● Task
Using the data that follows, return exactly the lines from the one that contains "Koszulka bez rękawów" through the one that contains "CUPID'S ARROW HEART RING", ends included.

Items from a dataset
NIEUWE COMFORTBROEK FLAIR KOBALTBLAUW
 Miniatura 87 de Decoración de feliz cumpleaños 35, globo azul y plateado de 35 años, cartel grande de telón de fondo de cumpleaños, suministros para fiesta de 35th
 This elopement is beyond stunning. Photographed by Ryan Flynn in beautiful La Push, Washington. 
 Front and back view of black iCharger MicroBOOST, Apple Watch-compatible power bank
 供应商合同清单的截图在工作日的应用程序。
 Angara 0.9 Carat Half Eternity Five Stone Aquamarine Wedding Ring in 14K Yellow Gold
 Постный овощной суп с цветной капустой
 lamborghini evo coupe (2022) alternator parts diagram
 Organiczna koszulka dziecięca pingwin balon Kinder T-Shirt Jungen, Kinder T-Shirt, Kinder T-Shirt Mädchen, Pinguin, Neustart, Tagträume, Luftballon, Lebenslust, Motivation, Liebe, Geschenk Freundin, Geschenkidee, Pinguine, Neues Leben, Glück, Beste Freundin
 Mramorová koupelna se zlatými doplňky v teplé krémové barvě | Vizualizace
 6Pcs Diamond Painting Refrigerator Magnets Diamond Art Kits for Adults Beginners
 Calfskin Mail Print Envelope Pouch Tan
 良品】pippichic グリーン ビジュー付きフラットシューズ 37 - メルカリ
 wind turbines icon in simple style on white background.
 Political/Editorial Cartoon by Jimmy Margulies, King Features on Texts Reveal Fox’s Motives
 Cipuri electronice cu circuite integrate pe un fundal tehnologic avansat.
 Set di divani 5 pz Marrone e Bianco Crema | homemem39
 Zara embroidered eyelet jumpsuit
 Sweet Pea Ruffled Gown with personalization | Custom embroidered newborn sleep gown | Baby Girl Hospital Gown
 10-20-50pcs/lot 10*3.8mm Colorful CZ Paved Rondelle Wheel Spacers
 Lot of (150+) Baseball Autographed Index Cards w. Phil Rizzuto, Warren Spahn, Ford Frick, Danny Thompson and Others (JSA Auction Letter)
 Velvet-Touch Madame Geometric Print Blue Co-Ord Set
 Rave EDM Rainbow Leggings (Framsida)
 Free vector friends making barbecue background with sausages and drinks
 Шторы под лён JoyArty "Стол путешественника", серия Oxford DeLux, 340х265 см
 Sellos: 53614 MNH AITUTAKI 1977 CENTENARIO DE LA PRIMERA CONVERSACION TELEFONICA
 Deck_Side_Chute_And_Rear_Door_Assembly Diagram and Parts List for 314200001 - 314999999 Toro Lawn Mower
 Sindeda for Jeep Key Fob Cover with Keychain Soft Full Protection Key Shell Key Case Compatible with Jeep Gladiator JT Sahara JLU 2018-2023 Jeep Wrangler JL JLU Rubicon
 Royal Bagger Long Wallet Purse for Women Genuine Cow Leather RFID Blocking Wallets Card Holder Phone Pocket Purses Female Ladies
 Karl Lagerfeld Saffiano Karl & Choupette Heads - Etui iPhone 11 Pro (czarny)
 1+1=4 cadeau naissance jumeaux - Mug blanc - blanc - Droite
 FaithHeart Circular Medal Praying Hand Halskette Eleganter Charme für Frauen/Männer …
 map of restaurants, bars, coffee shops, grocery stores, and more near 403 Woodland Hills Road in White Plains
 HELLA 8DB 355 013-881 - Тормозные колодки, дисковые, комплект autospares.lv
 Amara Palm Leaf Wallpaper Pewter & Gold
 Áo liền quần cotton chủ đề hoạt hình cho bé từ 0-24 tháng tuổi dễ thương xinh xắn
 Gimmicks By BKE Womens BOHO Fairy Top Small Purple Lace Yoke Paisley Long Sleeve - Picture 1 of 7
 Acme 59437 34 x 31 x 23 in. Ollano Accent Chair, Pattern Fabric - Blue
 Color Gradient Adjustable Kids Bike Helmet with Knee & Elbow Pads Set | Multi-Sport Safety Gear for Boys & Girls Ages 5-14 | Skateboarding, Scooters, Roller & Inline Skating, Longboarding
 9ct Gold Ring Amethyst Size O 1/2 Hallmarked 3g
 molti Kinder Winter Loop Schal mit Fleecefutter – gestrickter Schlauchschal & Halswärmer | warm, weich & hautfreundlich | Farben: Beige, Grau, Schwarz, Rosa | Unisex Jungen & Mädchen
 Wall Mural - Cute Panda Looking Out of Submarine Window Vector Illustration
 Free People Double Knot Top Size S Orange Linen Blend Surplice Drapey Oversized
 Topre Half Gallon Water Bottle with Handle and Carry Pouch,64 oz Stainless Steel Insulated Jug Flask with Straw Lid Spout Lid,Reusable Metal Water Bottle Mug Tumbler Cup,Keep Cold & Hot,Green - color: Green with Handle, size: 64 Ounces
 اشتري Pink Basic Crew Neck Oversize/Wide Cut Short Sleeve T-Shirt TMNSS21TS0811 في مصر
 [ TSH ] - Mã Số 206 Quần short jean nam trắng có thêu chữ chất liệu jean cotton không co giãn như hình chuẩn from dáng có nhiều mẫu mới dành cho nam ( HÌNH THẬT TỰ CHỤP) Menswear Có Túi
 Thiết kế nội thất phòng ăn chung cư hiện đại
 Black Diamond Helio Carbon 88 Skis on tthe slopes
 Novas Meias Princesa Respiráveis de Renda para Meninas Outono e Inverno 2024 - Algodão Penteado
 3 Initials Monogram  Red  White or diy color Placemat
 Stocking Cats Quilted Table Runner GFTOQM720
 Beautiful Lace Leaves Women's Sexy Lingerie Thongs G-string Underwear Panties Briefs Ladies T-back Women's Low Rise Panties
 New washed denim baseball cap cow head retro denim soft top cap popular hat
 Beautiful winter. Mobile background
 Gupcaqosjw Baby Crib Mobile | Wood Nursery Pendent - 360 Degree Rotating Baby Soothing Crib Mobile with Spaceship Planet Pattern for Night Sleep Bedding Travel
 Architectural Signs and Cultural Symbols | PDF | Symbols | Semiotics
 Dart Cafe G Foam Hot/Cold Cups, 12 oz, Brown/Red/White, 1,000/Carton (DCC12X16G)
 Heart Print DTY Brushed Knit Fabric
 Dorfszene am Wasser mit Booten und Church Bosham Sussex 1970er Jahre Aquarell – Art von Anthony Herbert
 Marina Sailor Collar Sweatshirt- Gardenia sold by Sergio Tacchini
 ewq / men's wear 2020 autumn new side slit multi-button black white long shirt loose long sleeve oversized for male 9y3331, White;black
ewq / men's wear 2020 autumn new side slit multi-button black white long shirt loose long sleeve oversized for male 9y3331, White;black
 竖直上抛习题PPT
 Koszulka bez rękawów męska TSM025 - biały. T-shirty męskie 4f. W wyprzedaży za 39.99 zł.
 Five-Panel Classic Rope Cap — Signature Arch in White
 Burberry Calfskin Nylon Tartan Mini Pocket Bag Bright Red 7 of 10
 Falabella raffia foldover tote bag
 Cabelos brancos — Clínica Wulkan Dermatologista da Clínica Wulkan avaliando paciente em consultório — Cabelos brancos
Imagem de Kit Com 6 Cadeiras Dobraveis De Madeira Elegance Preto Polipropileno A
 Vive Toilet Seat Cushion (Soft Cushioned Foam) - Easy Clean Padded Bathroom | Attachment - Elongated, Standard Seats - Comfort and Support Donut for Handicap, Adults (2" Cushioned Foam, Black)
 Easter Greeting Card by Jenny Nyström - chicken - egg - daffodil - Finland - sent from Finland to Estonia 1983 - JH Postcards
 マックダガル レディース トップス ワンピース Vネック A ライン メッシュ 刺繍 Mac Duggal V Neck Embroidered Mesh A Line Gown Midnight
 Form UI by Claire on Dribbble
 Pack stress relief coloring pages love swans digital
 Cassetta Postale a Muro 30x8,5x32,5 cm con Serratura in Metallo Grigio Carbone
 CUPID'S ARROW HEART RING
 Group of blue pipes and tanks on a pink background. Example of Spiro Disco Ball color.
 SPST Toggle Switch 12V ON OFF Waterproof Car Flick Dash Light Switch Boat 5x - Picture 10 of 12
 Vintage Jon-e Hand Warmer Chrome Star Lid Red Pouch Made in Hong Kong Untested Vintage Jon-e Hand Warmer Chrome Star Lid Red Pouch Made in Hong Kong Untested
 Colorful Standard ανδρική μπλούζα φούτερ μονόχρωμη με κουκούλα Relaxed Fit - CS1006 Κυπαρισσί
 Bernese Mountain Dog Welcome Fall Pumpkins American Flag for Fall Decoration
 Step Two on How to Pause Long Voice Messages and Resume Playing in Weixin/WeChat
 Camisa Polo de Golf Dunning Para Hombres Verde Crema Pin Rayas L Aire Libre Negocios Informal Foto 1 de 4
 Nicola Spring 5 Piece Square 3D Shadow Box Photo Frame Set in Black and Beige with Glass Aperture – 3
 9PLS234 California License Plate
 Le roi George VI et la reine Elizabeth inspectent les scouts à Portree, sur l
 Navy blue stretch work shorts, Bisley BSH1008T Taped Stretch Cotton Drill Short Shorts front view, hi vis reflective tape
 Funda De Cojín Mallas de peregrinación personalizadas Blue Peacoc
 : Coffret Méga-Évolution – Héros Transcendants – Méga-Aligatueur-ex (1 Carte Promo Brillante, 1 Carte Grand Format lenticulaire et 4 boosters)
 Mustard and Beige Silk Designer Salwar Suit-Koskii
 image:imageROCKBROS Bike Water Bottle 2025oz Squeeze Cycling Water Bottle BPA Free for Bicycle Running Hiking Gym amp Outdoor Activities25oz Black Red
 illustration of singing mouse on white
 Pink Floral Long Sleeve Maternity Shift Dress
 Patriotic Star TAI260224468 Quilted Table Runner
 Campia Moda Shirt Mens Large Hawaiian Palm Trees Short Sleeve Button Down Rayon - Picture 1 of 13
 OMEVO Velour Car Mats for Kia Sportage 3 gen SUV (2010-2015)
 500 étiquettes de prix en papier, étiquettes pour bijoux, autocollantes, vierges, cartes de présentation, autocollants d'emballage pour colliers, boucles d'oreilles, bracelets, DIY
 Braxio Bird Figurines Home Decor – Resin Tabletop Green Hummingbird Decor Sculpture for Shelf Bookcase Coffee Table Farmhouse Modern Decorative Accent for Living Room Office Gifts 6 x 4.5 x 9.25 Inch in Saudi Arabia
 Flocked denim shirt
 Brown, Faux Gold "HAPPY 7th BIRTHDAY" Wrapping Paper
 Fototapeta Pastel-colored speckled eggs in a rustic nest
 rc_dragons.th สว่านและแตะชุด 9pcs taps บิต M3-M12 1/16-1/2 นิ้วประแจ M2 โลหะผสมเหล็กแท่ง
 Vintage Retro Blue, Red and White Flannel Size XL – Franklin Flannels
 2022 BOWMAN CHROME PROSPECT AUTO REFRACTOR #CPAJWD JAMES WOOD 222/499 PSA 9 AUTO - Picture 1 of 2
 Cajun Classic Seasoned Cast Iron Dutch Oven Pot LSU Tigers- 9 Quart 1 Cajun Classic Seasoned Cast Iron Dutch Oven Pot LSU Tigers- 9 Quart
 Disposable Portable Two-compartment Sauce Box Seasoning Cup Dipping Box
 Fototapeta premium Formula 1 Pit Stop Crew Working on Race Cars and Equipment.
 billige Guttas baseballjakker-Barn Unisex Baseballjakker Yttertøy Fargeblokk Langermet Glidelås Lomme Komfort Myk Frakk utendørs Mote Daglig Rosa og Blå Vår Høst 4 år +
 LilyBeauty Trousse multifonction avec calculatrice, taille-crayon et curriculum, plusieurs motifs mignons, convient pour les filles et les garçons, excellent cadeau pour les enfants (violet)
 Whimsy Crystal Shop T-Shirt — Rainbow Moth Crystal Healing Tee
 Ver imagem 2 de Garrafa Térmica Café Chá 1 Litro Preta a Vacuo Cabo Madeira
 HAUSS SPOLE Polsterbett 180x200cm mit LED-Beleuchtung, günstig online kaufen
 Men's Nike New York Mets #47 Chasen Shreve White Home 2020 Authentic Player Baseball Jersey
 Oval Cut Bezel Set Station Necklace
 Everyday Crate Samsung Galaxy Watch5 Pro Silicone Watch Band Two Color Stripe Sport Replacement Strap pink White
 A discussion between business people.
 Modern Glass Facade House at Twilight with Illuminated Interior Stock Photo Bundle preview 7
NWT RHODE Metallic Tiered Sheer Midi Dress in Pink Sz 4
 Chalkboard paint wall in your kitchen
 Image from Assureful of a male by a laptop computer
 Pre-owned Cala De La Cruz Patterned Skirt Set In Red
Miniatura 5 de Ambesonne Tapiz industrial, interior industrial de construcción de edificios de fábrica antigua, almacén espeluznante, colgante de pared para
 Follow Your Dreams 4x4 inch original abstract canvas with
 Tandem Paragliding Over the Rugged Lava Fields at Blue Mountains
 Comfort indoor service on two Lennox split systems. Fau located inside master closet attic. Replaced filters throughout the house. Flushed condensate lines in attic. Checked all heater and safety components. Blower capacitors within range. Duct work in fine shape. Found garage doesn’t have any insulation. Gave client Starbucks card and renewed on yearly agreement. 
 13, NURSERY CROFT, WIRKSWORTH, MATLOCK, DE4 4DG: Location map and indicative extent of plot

● Task result
 Koszulka bez rękawów męska TSM025 - biały. T-shirty męskie 4f. W wyprzedaży za 39.99 zł.
 Five-Panel Classic Rope Cap — Signature Arch in White
 Burberry Calfskin Nylon Tartan Mini Pocket Bag Bright Red 7 of 10
 Falabella raffia foldover tote bag
 Cabelos brancos — Clínica Wulkan Dermatologista da Clínica Wulkan avaliando paciente em consultório — Cabelos brancos
Imagem de Kit Com 6 Cadeiras Dobraveis De Madeira Elegance Preto Polipropileno A
 Vive Toilet Seat Cushion (Soft Cushioned Foam) - Easy Clean Padded Bathroom | Attachment - Elongated, Standard Seats - Comfort and Support Donut for Handicap, Adults (2" Cushioned Foam, Black)
 Easter Greeting Card by Jenny Nyström - chicken - egg - daffodil - Finland - sent from Finland to Estonia 1983 - JH Postcards
 マックダガル レディース トップス ワンピース Vネック A ライン メッシュ 刺繍 Mac Duggal V Neck Embroidered Mesh A Line Gown Midnight
 Form UI by Claire on Dribbble
 Pack stress relief coloring pages love swans digital
 Cassetta Postale a Muro 30x8,5x32,5 cm con Serratura in Metallo Grigio Carbone
 CUPID'S ARROW HEART RING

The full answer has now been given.